This is the convention that I should be covering: bq. ...[T]he Lebowski Fest, which in June attracted 4,000 followers in Louisville, Ky., and on Friday arrives in New York City. For two days, Lebowski fans (referred to as Achievers) will dress up as their favorite character (or prop, like a severed toe), dig some far-out rock bands at the Knitting Factory, bowl in far-out Queens, imbibe White Russians (and maybe less licit substances) and spend a lot of time shouting lines at one another like:
"This aggression will not stand, man." I'm not the type to participate by, say, dressing up as a toe, but it would be interesting to observe.

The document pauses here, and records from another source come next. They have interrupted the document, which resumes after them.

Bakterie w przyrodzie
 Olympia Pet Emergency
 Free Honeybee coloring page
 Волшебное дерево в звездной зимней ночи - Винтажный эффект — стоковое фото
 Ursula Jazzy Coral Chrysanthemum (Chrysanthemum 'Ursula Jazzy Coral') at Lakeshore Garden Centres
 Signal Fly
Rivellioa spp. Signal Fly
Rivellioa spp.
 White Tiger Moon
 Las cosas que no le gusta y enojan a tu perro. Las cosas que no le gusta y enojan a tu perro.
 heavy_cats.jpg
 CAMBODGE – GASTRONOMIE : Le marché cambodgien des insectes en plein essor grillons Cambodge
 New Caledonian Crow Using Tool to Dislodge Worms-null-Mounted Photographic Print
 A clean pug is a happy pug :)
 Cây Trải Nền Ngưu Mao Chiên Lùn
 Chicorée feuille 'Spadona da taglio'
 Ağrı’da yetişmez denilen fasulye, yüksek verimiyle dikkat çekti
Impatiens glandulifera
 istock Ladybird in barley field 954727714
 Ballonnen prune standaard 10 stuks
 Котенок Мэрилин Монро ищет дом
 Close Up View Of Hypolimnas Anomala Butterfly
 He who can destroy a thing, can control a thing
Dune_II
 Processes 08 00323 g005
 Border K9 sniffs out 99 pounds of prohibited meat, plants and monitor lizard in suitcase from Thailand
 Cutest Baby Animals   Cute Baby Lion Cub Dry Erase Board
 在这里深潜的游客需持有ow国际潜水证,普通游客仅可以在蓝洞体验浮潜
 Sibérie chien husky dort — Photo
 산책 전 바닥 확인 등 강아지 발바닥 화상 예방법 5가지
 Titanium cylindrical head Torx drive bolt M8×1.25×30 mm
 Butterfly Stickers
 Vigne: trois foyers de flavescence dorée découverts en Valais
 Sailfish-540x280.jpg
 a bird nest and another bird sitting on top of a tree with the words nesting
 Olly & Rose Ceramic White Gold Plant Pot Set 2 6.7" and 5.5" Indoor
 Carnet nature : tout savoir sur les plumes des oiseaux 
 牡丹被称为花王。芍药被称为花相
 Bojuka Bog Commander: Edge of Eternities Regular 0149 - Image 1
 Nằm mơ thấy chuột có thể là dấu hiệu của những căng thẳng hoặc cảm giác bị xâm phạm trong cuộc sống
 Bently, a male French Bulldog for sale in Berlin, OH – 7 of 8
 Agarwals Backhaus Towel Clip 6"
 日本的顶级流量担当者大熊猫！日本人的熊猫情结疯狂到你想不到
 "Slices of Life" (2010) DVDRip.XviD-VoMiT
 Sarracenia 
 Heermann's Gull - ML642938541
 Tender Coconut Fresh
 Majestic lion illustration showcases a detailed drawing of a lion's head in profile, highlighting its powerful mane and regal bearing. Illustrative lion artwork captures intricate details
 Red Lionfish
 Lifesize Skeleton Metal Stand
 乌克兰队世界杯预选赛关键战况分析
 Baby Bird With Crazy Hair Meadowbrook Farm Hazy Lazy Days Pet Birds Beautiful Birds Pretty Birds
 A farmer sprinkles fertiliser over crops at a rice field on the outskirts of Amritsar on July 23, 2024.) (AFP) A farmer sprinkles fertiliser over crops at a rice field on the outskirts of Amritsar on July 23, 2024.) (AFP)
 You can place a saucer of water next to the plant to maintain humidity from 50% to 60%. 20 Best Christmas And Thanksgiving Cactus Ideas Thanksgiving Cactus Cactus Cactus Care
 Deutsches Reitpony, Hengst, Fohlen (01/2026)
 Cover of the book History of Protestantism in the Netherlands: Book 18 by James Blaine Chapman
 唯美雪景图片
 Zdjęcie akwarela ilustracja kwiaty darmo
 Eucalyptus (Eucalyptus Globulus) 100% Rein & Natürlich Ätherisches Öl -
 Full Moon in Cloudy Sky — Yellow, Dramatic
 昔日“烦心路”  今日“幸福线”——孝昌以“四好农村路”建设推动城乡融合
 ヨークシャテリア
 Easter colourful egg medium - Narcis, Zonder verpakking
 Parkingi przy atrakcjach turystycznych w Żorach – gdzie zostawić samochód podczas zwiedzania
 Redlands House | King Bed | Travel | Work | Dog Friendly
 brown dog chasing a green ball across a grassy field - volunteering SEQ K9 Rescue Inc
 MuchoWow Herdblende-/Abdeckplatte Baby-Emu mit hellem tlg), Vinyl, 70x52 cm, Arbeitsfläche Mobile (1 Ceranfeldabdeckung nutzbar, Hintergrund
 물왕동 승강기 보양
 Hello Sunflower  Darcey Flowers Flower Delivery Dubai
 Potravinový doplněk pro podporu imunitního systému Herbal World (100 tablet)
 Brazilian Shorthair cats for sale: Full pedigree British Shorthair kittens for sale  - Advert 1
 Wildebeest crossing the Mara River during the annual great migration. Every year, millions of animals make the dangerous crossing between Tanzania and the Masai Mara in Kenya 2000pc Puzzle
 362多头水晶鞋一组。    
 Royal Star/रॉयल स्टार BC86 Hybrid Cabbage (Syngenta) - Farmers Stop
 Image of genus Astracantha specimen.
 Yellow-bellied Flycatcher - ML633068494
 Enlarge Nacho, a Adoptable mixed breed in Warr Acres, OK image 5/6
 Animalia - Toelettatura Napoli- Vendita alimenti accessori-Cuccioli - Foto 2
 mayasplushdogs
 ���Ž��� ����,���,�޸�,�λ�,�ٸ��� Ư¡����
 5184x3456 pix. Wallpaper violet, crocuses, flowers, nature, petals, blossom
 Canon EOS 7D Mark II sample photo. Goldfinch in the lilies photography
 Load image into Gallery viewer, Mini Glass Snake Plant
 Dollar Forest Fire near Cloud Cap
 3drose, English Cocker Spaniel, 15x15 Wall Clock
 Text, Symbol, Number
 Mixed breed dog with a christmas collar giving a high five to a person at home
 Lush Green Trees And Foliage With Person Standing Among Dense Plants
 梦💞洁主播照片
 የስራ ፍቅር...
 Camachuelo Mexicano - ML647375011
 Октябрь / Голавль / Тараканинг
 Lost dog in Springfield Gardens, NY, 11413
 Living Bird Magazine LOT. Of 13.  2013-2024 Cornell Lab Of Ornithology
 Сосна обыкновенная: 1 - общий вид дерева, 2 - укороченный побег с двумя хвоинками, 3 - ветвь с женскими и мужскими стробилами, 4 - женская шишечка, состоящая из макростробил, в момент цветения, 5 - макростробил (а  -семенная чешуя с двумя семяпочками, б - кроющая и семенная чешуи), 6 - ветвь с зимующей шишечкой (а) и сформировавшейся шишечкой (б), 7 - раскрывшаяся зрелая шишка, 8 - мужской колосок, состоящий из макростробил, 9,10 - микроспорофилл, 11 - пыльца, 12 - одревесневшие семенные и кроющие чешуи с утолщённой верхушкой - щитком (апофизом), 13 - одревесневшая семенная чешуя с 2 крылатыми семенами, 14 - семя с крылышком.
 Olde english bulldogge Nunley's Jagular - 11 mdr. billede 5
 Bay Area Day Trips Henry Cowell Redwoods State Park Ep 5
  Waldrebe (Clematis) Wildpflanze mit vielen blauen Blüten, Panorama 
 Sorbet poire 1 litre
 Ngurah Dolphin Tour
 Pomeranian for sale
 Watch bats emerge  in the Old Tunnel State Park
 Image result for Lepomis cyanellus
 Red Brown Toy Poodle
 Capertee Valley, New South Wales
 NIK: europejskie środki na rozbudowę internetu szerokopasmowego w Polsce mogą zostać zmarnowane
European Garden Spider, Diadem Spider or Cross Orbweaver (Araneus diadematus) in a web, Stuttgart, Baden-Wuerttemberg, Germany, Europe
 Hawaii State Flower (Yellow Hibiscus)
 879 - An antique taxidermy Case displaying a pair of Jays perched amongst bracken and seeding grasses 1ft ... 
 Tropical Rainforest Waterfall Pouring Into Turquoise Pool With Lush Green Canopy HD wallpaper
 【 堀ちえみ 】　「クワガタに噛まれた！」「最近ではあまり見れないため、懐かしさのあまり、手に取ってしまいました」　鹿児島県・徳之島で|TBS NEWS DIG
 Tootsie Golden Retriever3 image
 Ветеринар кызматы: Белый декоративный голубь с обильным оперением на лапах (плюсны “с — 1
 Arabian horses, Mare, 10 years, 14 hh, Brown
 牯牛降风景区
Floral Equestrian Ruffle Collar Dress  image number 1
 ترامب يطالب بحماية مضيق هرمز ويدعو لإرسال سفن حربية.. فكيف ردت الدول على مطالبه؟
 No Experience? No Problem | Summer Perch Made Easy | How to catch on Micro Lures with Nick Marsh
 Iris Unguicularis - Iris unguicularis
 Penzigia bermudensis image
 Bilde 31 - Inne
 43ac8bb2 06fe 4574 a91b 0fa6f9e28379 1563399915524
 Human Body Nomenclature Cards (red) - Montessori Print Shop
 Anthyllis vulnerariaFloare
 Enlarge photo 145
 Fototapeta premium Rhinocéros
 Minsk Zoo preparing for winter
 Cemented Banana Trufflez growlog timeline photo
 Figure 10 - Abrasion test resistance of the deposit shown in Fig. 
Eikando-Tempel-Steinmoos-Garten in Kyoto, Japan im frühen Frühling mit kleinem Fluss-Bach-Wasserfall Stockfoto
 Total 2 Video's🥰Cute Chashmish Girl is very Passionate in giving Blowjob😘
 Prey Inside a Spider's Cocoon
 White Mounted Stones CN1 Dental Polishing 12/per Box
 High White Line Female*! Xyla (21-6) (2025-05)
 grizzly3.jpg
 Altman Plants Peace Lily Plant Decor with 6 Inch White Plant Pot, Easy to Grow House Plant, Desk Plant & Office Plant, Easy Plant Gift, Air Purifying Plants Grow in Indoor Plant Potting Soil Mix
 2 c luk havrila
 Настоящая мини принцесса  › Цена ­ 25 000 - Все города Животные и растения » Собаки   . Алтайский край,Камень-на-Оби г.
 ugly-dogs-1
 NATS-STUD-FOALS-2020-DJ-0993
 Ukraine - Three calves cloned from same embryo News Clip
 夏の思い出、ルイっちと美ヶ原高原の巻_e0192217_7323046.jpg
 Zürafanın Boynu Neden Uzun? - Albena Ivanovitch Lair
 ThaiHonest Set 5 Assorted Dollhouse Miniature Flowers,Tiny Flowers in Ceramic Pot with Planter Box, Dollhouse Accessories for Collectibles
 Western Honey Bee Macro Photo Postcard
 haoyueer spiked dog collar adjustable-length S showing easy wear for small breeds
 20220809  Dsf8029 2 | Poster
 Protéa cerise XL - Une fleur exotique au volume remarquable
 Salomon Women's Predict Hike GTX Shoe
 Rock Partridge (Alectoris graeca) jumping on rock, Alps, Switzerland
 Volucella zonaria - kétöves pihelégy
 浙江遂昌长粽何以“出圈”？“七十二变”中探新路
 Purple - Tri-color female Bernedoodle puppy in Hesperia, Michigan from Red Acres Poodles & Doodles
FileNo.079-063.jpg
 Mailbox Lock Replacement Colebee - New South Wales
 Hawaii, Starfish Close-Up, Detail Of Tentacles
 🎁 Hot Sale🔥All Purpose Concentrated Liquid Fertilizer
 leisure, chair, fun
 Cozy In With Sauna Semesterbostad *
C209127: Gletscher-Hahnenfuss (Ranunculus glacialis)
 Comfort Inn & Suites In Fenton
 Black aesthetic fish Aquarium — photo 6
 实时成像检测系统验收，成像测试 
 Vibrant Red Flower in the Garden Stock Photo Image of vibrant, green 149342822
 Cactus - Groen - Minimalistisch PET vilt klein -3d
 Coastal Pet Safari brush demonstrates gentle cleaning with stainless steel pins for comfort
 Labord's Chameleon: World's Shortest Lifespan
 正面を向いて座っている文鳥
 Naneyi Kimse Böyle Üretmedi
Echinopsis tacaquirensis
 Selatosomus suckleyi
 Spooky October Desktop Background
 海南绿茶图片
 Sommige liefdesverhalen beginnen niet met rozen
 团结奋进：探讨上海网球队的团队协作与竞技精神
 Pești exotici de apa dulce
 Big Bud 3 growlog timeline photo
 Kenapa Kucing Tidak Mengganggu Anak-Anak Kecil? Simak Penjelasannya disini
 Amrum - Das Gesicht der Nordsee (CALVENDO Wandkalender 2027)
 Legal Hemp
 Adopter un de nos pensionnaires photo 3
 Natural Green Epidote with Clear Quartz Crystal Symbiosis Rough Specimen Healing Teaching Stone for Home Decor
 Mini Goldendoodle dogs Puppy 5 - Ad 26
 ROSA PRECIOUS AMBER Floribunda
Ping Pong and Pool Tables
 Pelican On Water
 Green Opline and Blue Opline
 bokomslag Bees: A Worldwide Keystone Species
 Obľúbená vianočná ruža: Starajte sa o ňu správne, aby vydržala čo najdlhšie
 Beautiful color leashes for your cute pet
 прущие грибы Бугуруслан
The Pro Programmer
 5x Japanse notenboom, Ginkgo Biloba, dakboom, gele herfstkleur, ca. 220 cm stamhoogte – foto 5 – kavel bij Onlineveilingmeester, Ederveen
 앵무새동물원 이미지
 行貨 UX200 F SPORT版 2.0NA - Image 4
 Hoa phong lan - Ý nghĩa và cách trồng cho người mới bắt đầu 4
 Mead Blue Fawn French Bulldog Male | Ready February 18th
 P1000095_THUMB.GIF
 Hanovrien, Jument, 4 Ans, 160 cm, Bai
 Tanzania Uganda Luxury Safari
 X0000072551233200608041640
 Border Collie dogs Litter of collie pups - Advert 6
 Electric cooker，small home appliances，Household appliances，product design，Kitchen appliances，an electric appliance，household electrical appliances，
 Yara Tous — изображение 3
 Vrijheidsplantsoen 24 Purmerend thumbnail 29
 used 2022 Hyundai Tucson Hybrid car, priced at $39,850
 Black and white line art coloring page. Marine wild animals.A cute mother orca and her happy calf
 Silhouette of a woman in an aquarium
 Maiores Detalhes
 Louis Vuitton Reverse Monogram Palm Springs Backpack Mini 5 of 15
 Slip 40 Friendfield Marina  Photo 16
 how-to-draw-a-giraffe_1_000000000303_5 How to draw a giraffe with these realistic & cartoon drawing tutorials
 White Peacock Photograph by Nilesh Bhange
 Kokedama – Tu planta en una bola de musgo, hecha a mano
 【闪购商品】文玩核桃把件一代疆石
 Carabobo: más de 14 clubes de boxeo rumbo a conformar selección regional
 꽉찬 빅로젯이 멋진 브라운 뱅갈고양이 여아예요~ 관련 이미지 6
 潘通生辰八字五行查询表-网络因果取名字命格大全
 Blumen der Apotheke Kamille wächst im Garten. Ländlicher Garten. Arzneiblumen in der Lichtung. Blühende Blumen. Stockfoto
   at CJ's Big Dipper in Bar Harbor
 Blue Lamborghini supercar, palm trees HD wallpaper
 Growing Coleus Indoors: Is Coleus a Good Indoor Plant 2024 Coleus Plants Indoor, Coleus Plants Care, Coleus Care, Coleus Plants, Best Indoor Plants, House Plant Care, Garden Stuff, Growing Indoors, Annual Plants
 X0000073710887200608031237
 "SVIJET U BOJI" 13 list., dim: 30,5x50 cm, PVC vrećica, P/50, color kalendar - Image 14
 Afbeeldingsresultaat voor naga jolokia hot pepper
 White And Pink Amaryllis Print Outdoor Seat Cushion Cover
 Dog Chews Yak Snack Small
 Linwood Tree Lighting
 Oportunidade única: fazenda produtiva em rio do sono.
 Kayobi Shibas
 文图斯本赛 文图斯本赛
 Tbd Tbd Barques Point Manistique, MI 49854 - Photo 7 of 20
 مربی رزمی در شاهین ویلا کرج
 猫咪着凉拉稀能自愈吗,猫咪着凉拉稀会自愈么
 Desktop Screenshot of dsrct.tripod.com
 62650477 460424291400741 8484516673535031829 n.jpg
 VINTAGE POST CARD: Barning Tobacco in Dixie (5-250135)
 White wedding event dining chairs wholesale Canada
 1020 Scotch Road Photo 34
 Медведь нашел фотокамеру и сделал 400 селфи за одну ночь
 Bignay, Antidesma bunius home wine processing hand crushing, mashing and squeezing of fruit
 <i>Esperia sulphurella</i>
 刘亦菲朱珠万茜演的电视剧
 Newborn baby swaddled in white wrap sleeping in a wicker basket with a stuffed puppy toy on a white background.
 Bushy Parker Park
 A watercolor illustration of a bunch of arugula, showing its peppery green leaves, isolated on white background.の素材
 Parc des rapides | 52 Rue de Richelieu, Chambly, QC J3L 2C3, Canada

I'd say it would be a lot easier on my nerves to deal with marmots and bowling than protesters and the LIRR. And I'm sure al Qaeda has no plans to disrupt the Lebowski convention. Unless they have a thing against nihilists, that is. In fact, I could probably cover the Lebowski convention, write it up and make it appear as if I had been at theRNC. Vietnam references, a rich Republican, some mild class warfare...it could work. It's even got the protest angle: bq. Nowadays, the real Dude is back in the saddle. He's registering Lebowski fest attendees to vote, and vowed to deliver a gift basket to the Republican National Convention containing (according to his news release) "symbolic gifts including an oversize pair of glasses to help the Republicans see what's going on in our country, a copy of the Constitution to remind them of our rights as free citizens and a bowling ball so they will have something to do for the next four years." I can dismiss that easily. In my eyes, the "real Dude" doesn't even exist, because when Jeff Bridges walked into that role, be became the Dude. Forever. I know Lebowski is one of those love/hate things. I know more people who hate it than love it and those haters often question why I would watch this movie ten, twenty, even thirty times without getting tired of it. Some think I have an unhealthy fascination with Walter. But I don't. It's the Dude. I admire his position on everything and I think it's a road I should think about taking more often: The Dude abides. [Or maybe it is Walter: The Dude: And, you know, he's got emotional problems, man. Walter Sobchak: You mean... beyond pacifism?]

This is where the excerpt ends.